──────── Data provided
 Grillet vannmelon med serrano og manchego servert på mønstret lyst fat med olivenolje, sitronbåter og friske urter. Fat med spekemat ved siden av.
────────────────
──────── Data provided
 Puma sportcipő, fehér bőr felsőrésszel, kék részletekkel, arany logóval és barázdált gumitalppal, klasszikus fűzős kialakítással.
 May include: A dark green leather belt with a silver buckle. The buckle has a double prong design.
────────────────
The answer is the run of lines above from the line containing "Puma sportcipő, fehér" through the line containing "May include: A", copied exactly and alone.

> _Response_
 Puma sportcipő, fehér bőr felsőrésszel, kék részletekkel, arany logóval és barázdált gumitalppal, klasszikus fűzős kialakítással.
 May include: A dark green leather belt with a silver buckle. The buckle has a double prong design.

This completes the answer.